If you are considering Halloween-themed activities within a childcare setting, here are our spooktacular suggestions to ensure some not-too-scary fun:
Inviting children to come in fancy dress to celebrate Halloween is a great way to get into the 'spirit' of the day's activities.
Pumpkin carving is a traditional Halloween activity but there are some fun alternatives which may be better suited to Early Years children.
Painting a pumpkin, using a 50/50 mix of PVA glue and washable paint, or using stickers - spooky or otherwise - to decorate are both simple activities even the youngest children will enjoy.
Let children unleash their magical talents by making a super-sparkly magic potion. You'll need clear plastic bottles, water, food colouring, jugs, glitter and sequins. Allow children to explore the different 'ingredients' and quantities and ask them to explain what magic powers their potions possess. Remember to seal the finished bottles very firmly with tape to avoid spillages.

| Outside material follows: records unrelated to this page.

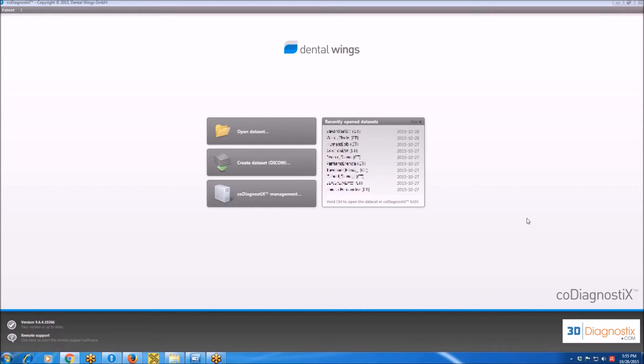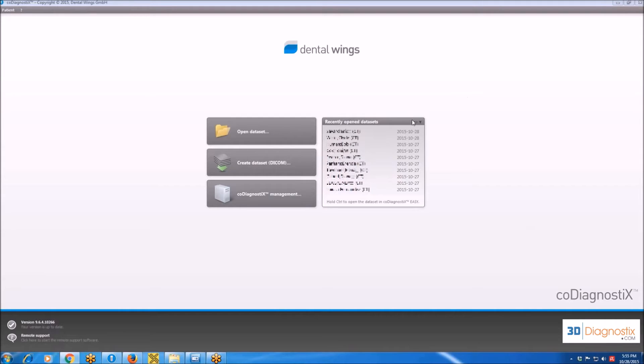In this video, we are going to start the CoDiagnostics Software Essential Training. While we are looking right now at the home screen of the software, you are going to find two windows.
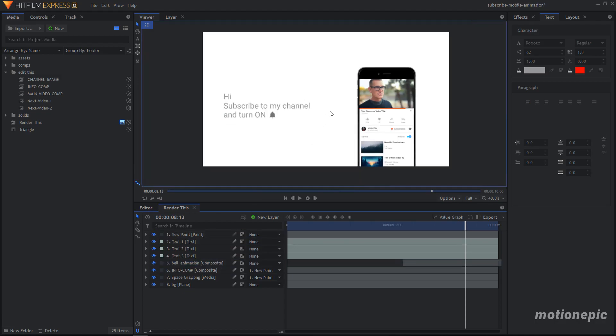Lastly, you just need to render this out. Click on Export, then Contents, and it will take you to the export page where you can export your animation. That's pretty much it — that's how you edit this template. I hope you like this freebie! If you did, please leave a like, subscribe to the channel, and turn on notifications so you don't miss any upcoming videos. Thanks for watching and I'll see you in the next one.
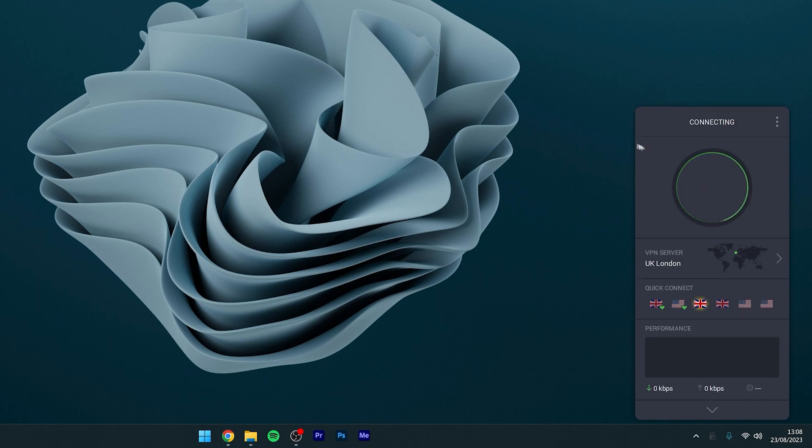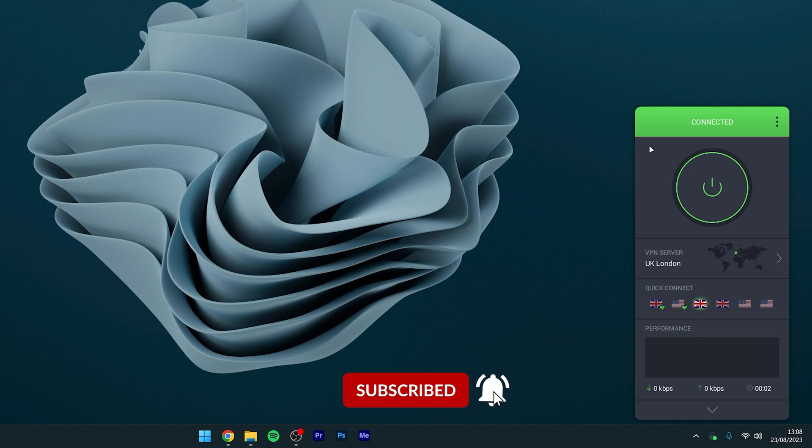Once we're ready, you want to click on the power button and after a few seconds we're going to be connected to a UK server so it's going to be as if we are browsing the internet from the UK.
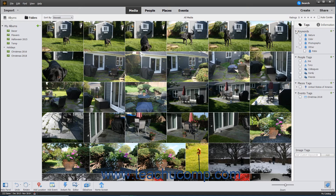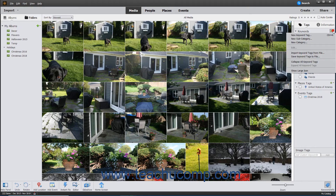To add a new tag, click the New button, which looks like a green plus sign, to the right of the Keywords label within the panel. Alternatively, you can click the drop-down arrow at the right side of this same button, and then choose the New Keyword Tag command from the drop-down menu that appears.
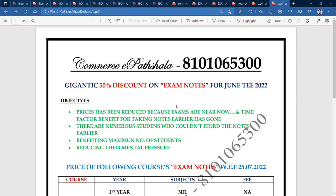The first reason is the time factor — time is already running. I want to help students by reducing the prices, because there are many students who have scored low marks and are not able to afford the study materials.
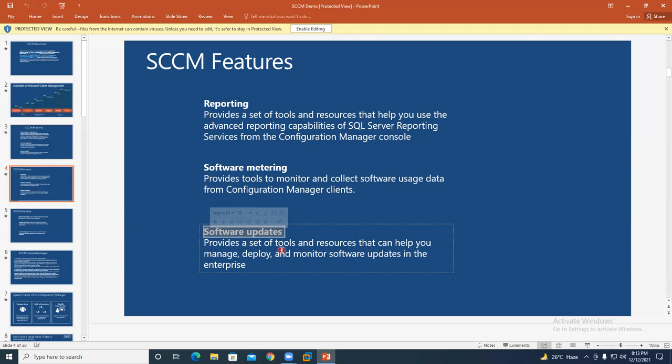Microsoft releases these patches every month on the second Tuesday — this is called Patch Tuesday. The next day you download the patches, segregate them — filtering out expired patches from genuine fresh ones. You then deploy the latest fresh patches to all systems across all sites in the company.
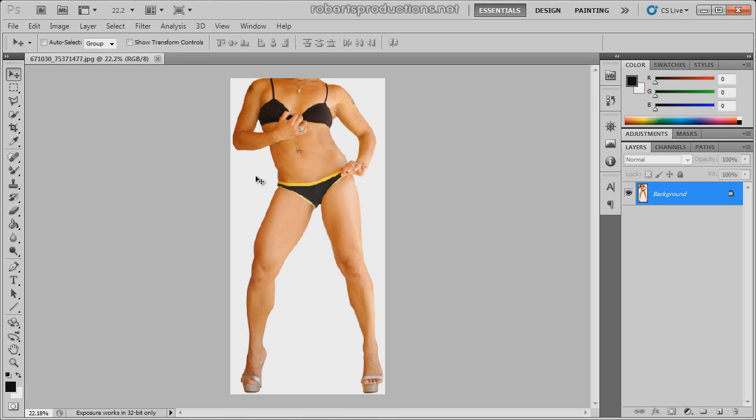You might want to cut that photo out and put it in front of a white background because the liquify tool is going to not only liquify the body but the background as well. And as long as you have a white background or a solid color background you'll only be enhancing the body.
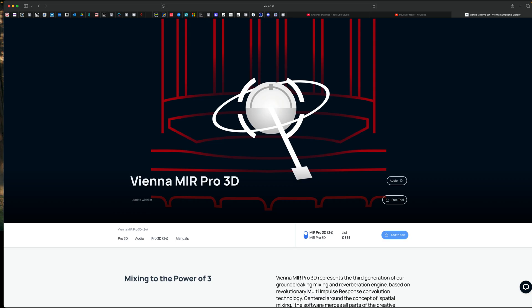And today we're going to be using it with Mir Pro — the Vienna Symphony Library's astounding mixing environment where you can place your instruments on a virtual stage. And it just... oh wow, you want to check this out.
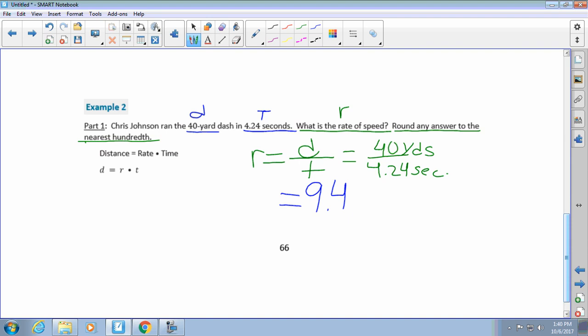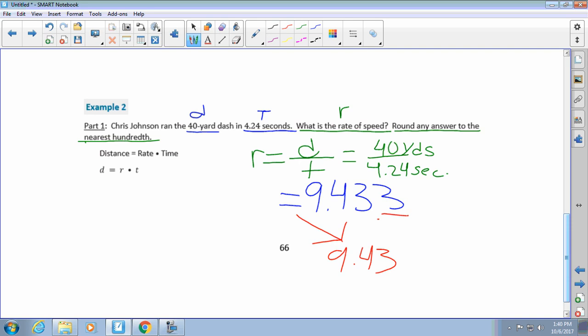...9.433. Now we have to make a decision. Sam, do we want 9.43 or do we bump it up to 9.44? Nine point four three — very good. Why? Because this 3 is less than 5, so you just let it go. So we round that to 9.43. What is our label, Sam? What did we divide? Very good — so we write yards per second.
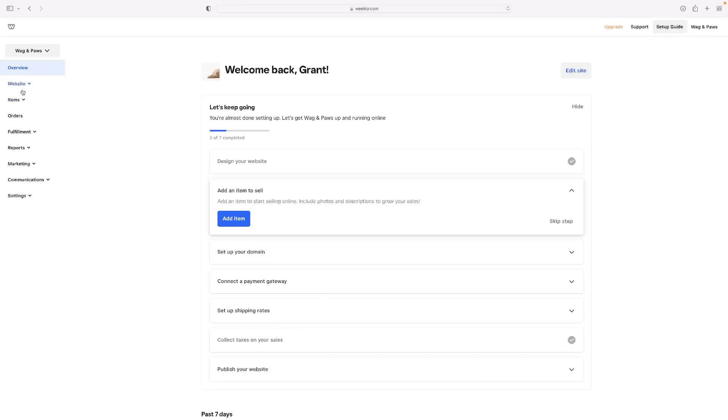So once you're here, this is the back end of the store where you can deal with your orders, fulfillment, get any reports out of it, as well as add items.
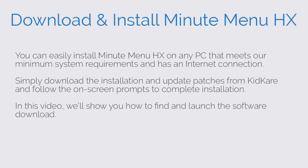You can easily install MinuteMenuHX on any PC that meets our minimum system requirements and has an internet connection. Simply download the installation and update patches from KitCare and follow the on-screen prompts to complete installation. In this video, we'll show you how to find and launch the software download.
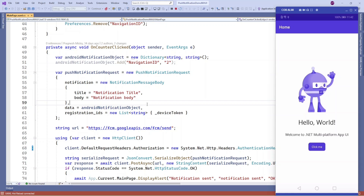Hello guys, welcome to my channel. In this video I am going to show you a demo about sending push notifications using Firebase Admin SDK. In my recent video I showed you a demo about implementing push notifications for Android and iOS platforms.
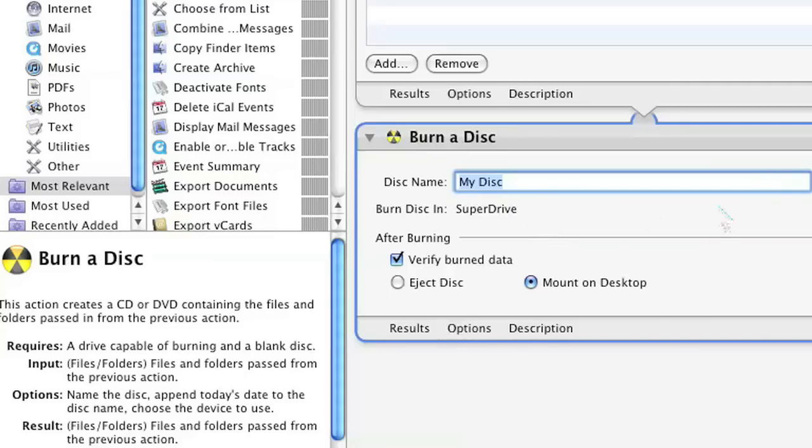Once that's done, you click OK and run, and you now have a hot folder that you created on your Mac.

There are lots of fun Halloween-themed books and we've picked three of our favourites.
'Halloween ABC' is a fun first alphabet book by Jannie Ho and features bats, eyeballs, pumpkins and monsters in underpants - all the essentials for a fun spooky story.
Based on the CBeebies animated show, 'Peter Rabbit Animation: Pumpkin Party' has a fast-paced storyline that sees Beatrix Potter's much-loved characters chase a runaway pumpkin.
While Maurice Sendak's classic 'Where The Wild Things Are' is not Halloween-themed its beastly characters and picture-led story make it the perfect choice for this seasonal celebration. Although Max misbehaves, the message is one of parental love and provides the perfect reassuring ending for young children.
There are plenty of free printable colouring sheets available online featuring every imaginable spooky subject. And with a vast array of cute and funny Halloween imagery you are sure to find one that is age-appropriate.
Decorating biscuits with writing icing and sprinkles is always popular with young children. Think spiders' webs, witches hats, pumpkins and bats but, if you need inspiration, you'll find plenty of photo examples online.
Let the children go to town with toilet rolls or Halloween-coloured crepe paper. Either working in groups or in pairs let them take it in turns to wrap each other up. Cheap, great fun and always a big hit with children (and adults).